Commenting on why Germany should leave the Euro or accept fiscal union, Barry Norris, Manager of the Argonaut European Alpha Fund, says:

 "With yields on Spanish and Italian 10 year government debt now above 6% this is now the moment of truth for the Euro. Neither the Spanish nor the Italian economies can sustain these rates of interest and their economies are too big to be "rescued" by bail-out funds.

 "If, like in the UK, the Spanish and Italians had their own currency, it would devalue boosting short-term competitiveness and economic growth. Their central banks would also be able to erode the value of debt through printing more money via quantitative easing in the same way as the Bank of England has done in the UK. Their membership of the single currency currently precludes this.

 "The strict monetary policy of the European Central Bank and the strength of the Euro reflects the robust economic growth in Germany, the Euro-zone's largest economy. The only way for the Spanish and Italian economies to cope with being shoehorned into Germany's monetary policy would be if it were accompanied by fiscal stimulus. As their solvency is already being questioned, this stimulus must come from an external source, the most obvious being Germany.

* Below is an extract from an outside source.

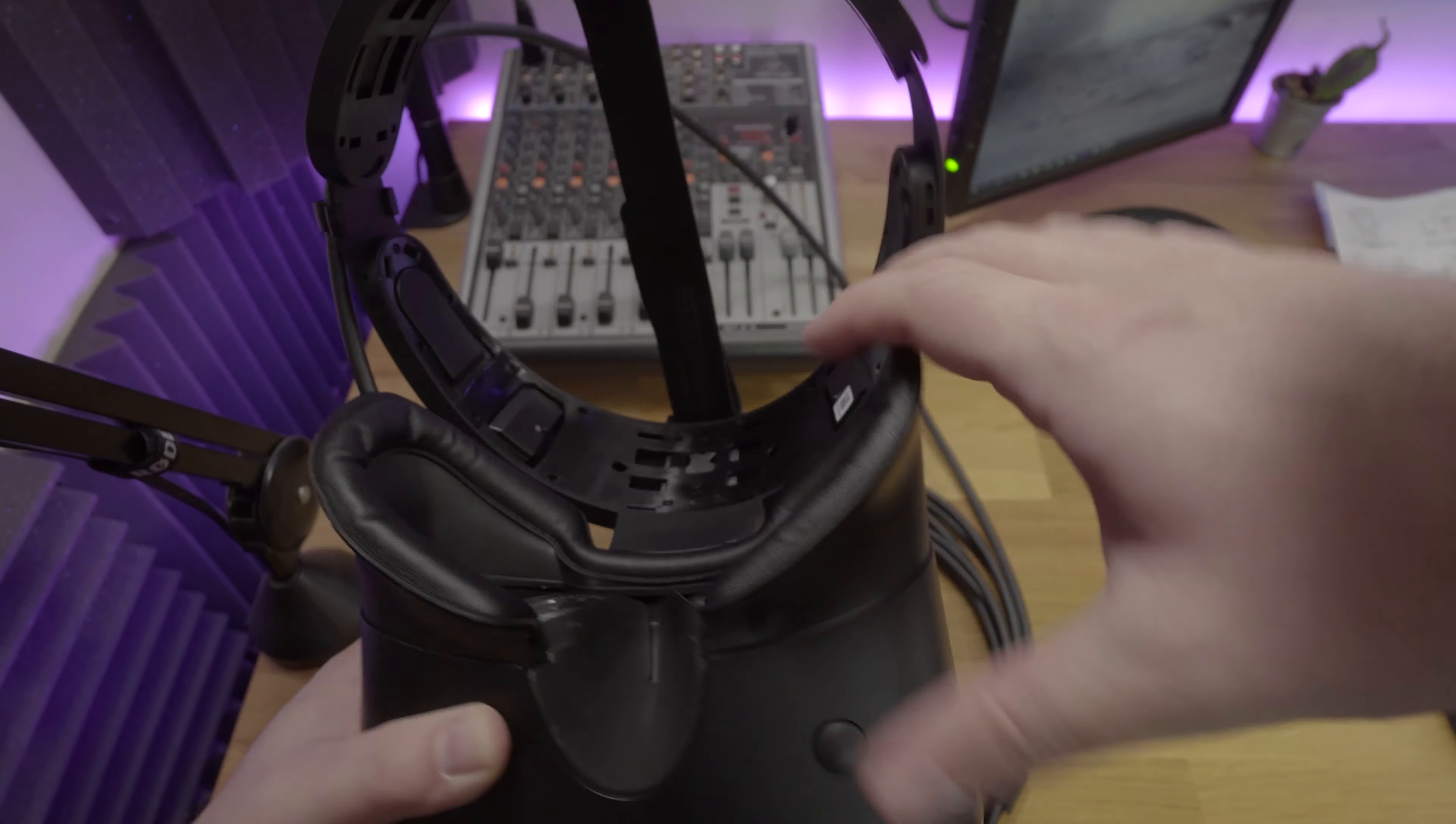in order to get the balance of the headset right because of the way that the Lenovo baseball cap style thing sits on the top of your forehead. But once I had that balance right,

 "The folly of a currency union without large scale fiscal transfers has been known ever since the single currency was conceived. Events of the last few months suggest that financial markets are no longer prepared to tolerate this illogic indefinitely. To survive in its current form the Euro-zone must evolve into a transfer union where the taxpayers of the booming economies subsidise those that are struggling. This will be a tough sell for politicians, particularly in Germany, where electorates have little sympathy for their profligate Southern European neighbours.

 "If it turns out that the German electorate has no stomach for fiscal union then the German government should accept the logic that their continued membership of the single currency is destabilizing for many of its other members. If Germany left the Euro, the value of the Euro would fall, providing a short-term boost to its remaining members and monetary policy set to provide appropriate stimulus. At the same time, the value of the new German currency would appreciate, providing a boost to German consumers.

 "For the periphery, leaving the Euro is not an option. Their governments and their banks would still owe Euros, but would own something less valuable. Germany leaving is the only way in which the single currency can be broken up without it causing a second banking crisis, or a sovereign default. Germany must show political leadership now or face responsibility for the consequences."